As filed with the Securities and Exchange Commission on June 6, 2014
Registration No. 333-
UNITED STATES
SECURITIES AND EXCHANGE COMMISSION
Washington, D.C. 20549
FORM S-8
REGISTRATION STATEMENT
UNDER
THE SECURITIES ACT OF 1933
CNH INDUSTRIAL N.V.
(Name of the Issuer)
Kingdom of The Netherlands | 98-1125413 | |
(State or Other Jurisdiction of Incorporation or Organization) |
(I.R.S. Employer Identification No.) |
Cranes Farm Road
Basildon
Essex SS14 3AD
United Kingdom
Tel. No.: +44 1268 533000
(Address of Principal Executive Offices)
CNH Industrial N.V. Equity Incentive Plan
(Full Title of the Plan)
Scott Miller Sullivan & Cromwell LLP 125 Broad Street New York, NY 10004 Tel.: 212-558-4000 |
Roberto Russo CNH Industrial N.V. Cranes Farm Road Basildon Essex SS14 3AD United Kingdom Tel. No.: +44 1268 533000 |
Indicate by check mark whether the registrant is a large accelerated filer, an accelerated filer, a non-accelerated filer, or a smaller reporting company. See the definitions of large accelerated filer, accelerated filer and smaller reporting company in Rule 12b-2 of the Exchange Act.
Large accelerated filer | ¨ | Accelerated filer | ¨ | |||
Non-accelerated filer | x (Do not check if a smaller reporting company) | Smaller reporting company | ¨ |
CALCULATION OF REGISTRATION FEE
| ||||||||
Title of Securities to be Registered(1) |
Amount to be Registered(2) |
Proposed Maximum Offering Price Per Share(3) |
Proposed Maximum Aggregate Offering Price(3) |
Amount of Registration Fee | ||||
Common Shares par value 0.01 per share |
25,000,000 | $10.82 | $270,500,000 | $34,841 | ||||
| ||||||||
|
(1) | CNH Industrial N.V. (CNH Industrial) is offering common shares pursuant to the CNH Industrial N.V. Equity Incentive Plan (the Plan), which was approved by the shareholders on April 16, 2014 and adopted by the Board of Directors of CNH Industrial on February 27, 2014. |
(2) | Pursuant to Rule 416 under the Securities Act of 1933, as amended (the Securities Act), this Registration Statement shall also cover additional common shares which may become issuable by reason of any stock split, stock dividend, recapitalization, or other similar transaction effected without consideration which results in the increase in the number of the Registrants outstanding commons shares. |
(3) | Estimated solely for purposes of computing the amount of the registration fee. Pursuant to Rule 457(c) and Rule 457(h) under the Securities Act of 1933, as amended, the proposed maximum offering price per share and proposed maximum aggregate offering price are based on the reported average of the high and low prices for the Registrants Common Shares on the New York Stock Exchange on June 3, 2014. |
PART I
INFORMATION REQUIRED IN THE SECTION 10(A)
PROSPECTUS
Item 1. Plan Information.
The documents containing the information specified in Part I (plan and registrant information) will be delivered in accordance with Rule 428(b)(1) under the Securities Act of 1933, as amended (the Securities Act). Such documents are not required to be, and are not, filed with the Securities and Exchange Commission (the Commission), either as part of this Registration Statement or as prospectuses or prospectus supplements pursuant to Rule 424 under the Securities Act. These documents, and the documents incorporated by reference in this Registration Statement pursuant to Item 3 of Part II of this Form S-8, taken together, constitute a prospectus that meets the requirements of Section 10(a) of the Securities Act.

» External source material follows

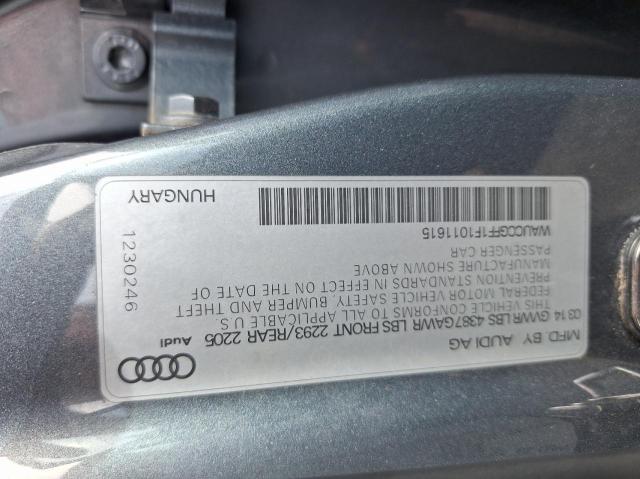 Photo 10 from auction – 2015 AUDI A3 PREMIUM with VIN WAUCCGFF1F1011615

Item 2. Registrant Information and Employee Plan Annual Information.
CNH Industrial will provide participants of the Plan, upon written or oral request and without charge, a copy of the documents incorporated by reference in Item 3 of Part II of this Registration Statement, which are incorporated by reference in the Section 10(a) prospectus, and all documents required to be delivered to employees pursuant to Rule 428(b) under the Securities Act. Requests for such documents should be directed to CNH Industrial N.V., Cranes Farm Road, Basildon, Essex SS14 3AD, United Kingdom, Attention: Corporate Secretary, telephone number +44 1268 533000.
PART II
INFORMATION REQUIRED IN THE REGISTRATION STATEMENT
Item 3. Incorporation of Documents by Reference.
The Registrant incorporates herein by reference the following documents filed (other than, in each case, documents or information deemed to have been furnished and not filed in accordance with SEC rules) by the Registrant with the SEC:
(a) | The description of the Common Shares included or incorporated by reference under Item 1 of the Companys Registration Statement on Form 8-A (No. 001-36085), as filed by the Company with the SEC on September 23, 2013 (No. 001-36085). |
(b) | The Companys Annual Report on Form 20-F for the year ended December 31, 2013, filed with the SEC on April 25, 2014 |
(c) | Amendment No. 1 to the Annual Report on Form 20-F/A for the year ended December 31, 2013, filed with the SEC on May 15, 2014; and |
(d) | All other reports filed by the Registrant pursuant to Section 13(a) or 15(d) of the Securities Exchange Act of 1934, as amended (Exchange Act), since December 31, 2013 (other than the portions of those documents not deemed to be filed). |
All reports and other documents subsequently filed by the Company pursuant to Sections 13(a), 13(c), 14 and 15(d) of the Securities Exchange Act of 1934, as amended (the Exchange Act) prior to the filing of a post-effective amendment to this Registration Statement which indicates that all securities offered have been sold or which deregisters all securities then remaining unsold, shall be deemed to be incorporated by reference in this Registration Statement and to be a part hereof from their respective dates of filing (such documents, and the documents enumerated above, being hereinafter referred to as Incorporated Documents).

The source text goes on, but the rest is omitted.